Reconnaissance by battle did discover that the Gully had to be turned at
its south-western end, and, with the winning of a VC, it was.
C
Coy of the Van Doos, 81 men strong, led by Capt Paul Triquet, VC, with the aid
of seven tanks of the OntRs, managed on the night of Dec 14-15, to outflank the
Gully around its south-western end, burst through German resistance and, with
17 men and 4 tanks remaining, seized a strongpoint, the Casa Berardi farmhouse;
the rest of his regiment joined him and held it for four days, eventually the
Germans were compelled to abandon the Gully.
The
Germans began preparing Ortona for a deliberate defense on Dec 12, starting by rubbling
parts of the town to create defensive positions and obstacles to tanks; they mined
and booby-trapped everywhere, and made heavy use of snipers to halt movement in
the open. Rushes by tanks were impossible.
What to do? Lt Bill Longhurst of the Loyal Eddies came up with
“mouseholing.” Many of the buildings of
the town were of stone and masonry construction, and were connected together
like so many rowhouses; by mouseholing was meant the placing by engineers of a
charge against the wall that separated adjacent buildings, preferably on the
top floor, and blowing a hole in the wall.
Bombers would toss in grenades, entrymen would then rush through the
breach and seize the room of the next building, shooting any surviving enemy.
The rest of the building would then be cleared top-down with grenades, Stens,
and rifles. Rinse, and repeat. Sound
familiar? Ortona was where these
concepts were developed, and by mousholing, no one had to venture outside
and risk the German snipers. The innovative use of combined arms: infantry
(Loyal Eddies, Seaforths), armor (C Sqn 12RBC), engineers (4th Field
Coy RCE), direct fire anti-tank artillery (90th Anti-Tank Bty) were
essential in driving out the Germans.
Nor can we underestimate the morale factor: the belief in inevitable
victory.
By the
time the battle was over, 1st Div. had suffered 502 KIA, and 2339
casualties total.

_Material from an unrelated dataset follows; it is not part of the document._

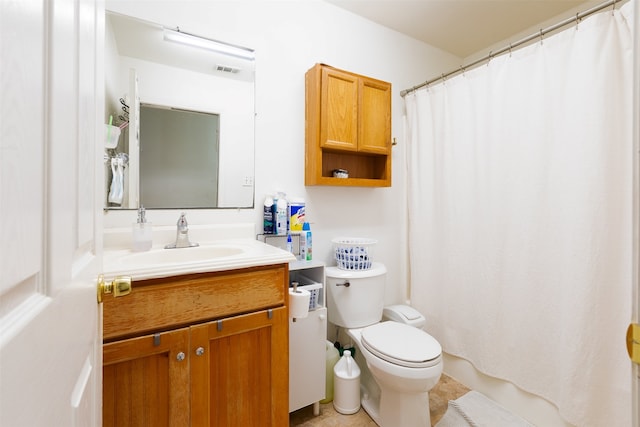 bathroom featuring toilet, tile floors, and vanity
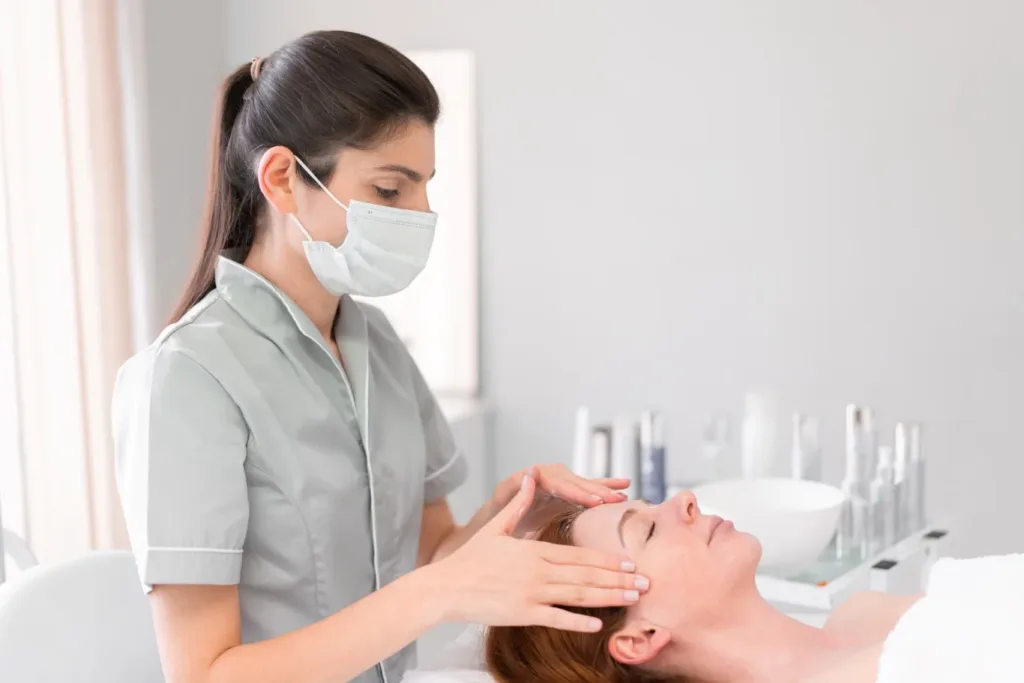 Licensed esthetician performing a facial treatment on a client at a professional medical spa in Novi MI.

The German figures are
not known, but the 90th PanzerGrenadier Division was, for all
practical purposes, destroyed, while the battalions of the 1st
Parachute Division were reduced to company strength.
Assessment:
Vokes’ first time in battle was as a brigade commander in Sicily. Three months
after the end of the Sicily campaign, he was appointed GOC 1st Div,
replacing Simonds. A month in that job and the battle for Ortona began. Vokes
did not know the ground, did not know the enemy, his strength (2 division) or
his intent(deliberate defense in urban terrain); lacking experience, he did not
know himself; and the weather turned the ground into mud. He was pressured by Monty to hurry up. Not auspicious
auguries for his first major battle all by himself, and the battle not being a
general’s battle to begin with. The solution to Ortona turned on the discoveries
of reconnaissance by battle, the improvisation of mouseholing, and the
innovation of combined arms action at the platoon and company levels. Do these factors support the contention that
Vokes was an unimaginative engineer, a butcher, a ‘mere cook’, as Monty said?
Vokes
may have been an inexperienced cook at the time, but the war didn’t end at
Ortona. He continued to be employed as
GOC 1st Div, and Simonds later employed him as GOC 4th
Div in Northwest Europe until the end of the war. Being a Simonds associate may
have harmed Vokes’ postwar career. he was never promoted above MGen, as E.L.M.
Burns eventually was, and he was employed only as commander of military
districts until retirement in 1959. His
Italian reputation stuck with him ever afterwards, valid or not.